§ ACTIVITY
Look below for the line with "400 Kilometer am, steilen" and the line with "Elodie Details sametová"; repeat exactly those two lines and all lines between them, but no pictures.

§ PROVIDED RECORDS
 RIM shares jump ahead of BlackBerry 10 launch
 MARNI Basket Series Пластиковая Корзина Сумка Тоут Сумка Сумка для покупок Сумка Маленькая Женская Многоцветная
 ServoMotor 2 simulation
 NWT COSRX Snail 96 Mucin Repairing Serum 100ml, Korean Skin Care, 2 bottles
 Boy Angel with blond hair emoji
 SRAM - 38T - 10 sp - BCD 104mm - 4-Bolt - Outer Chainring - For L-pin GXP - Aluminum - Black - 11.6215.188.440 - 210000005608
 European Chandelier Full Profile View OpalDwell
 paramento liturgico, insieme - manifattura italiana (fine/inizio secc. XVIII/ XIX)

...

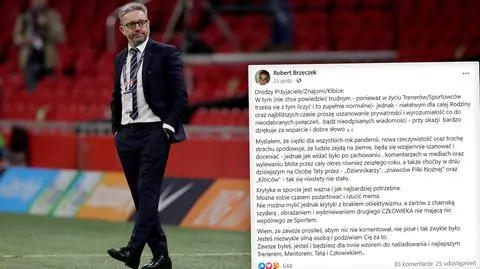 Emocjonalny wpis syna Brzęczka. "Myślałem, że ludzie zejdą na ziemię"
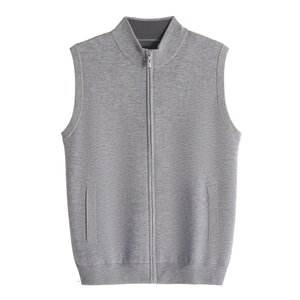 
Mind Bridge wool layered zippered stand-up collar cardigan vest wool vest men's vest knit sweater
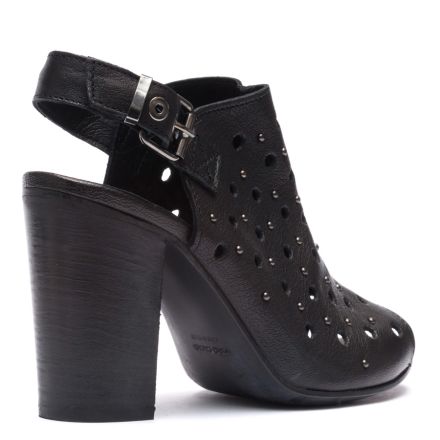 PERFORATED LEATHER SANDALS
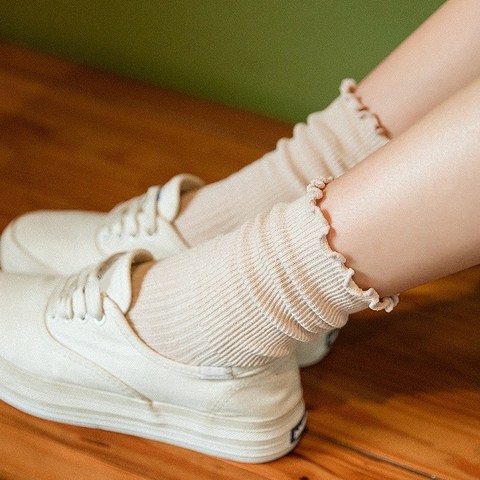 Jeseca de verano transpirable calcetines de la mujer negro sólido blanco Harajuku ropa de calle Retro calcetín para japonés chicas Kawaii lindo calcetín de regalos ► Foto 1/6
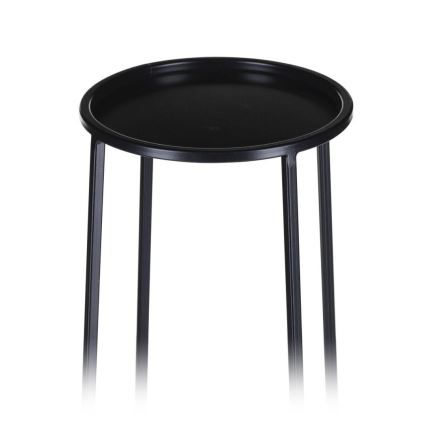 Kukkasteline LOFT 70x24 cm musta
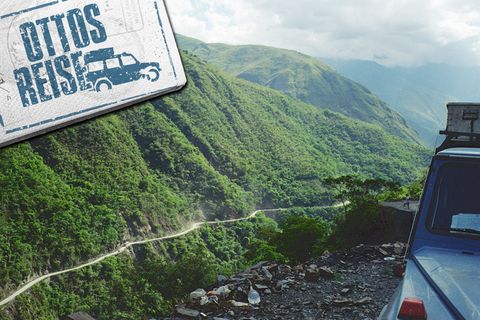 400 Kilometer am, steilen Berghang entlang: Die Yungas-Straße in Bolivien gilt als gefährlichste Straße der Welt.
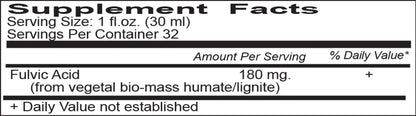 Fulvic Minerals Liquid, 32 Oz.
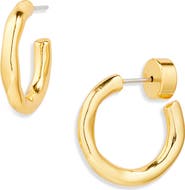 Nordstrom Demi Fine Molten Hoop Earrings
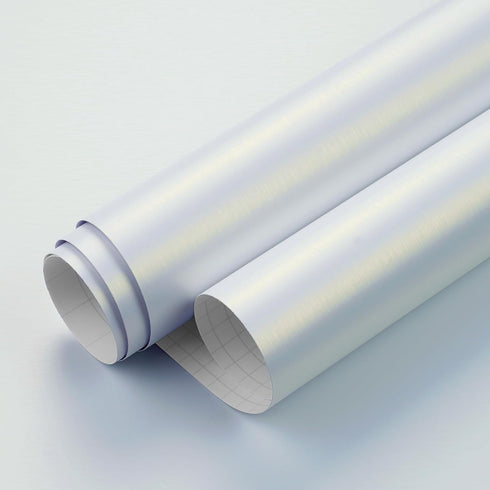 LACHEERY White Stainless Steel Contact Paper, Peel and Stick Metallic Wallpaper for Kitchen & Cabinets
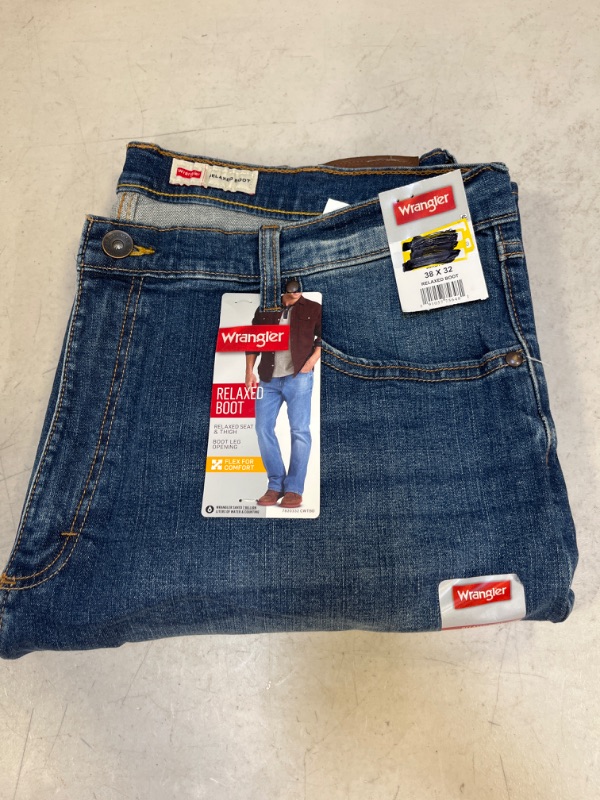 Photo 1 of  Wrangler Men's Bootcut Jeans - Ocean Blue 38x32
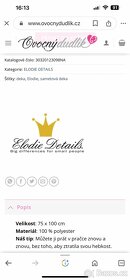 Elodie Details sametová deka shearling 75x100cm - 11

* * *

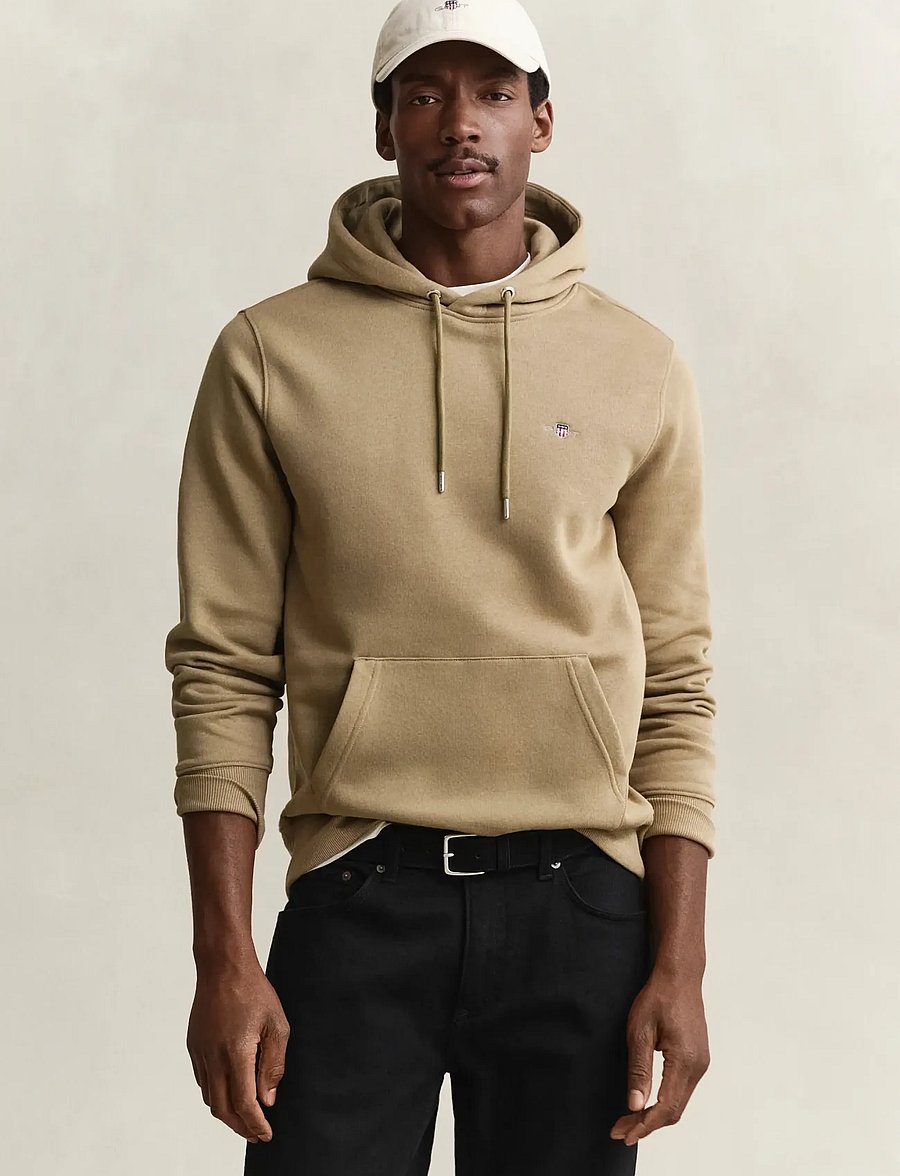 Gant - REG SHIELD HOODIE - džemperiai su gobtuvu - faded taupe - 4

§ SOLUTION TO THE EXERCISE
 400 Kilometer am, steilen Berghang entlang: Die Yungas-Straße in Bolivien gilt als gefährlichste Straße der Welt.
 Fulvic Minerals Liquid, 32 Oz.
 Nordstrom Demi Fine Molten Hoop Earrings
 LACHEERY White Stainless Steel Contact Paper, Peel and Stick Metallic Wallpaper for Kitchen & Cabinets
 Photo 1 of  Wrangler Men's Bootcut Jeans - Ocean Blue 38x32
 Elodie Details sametová deka shearling 75x100cm - 11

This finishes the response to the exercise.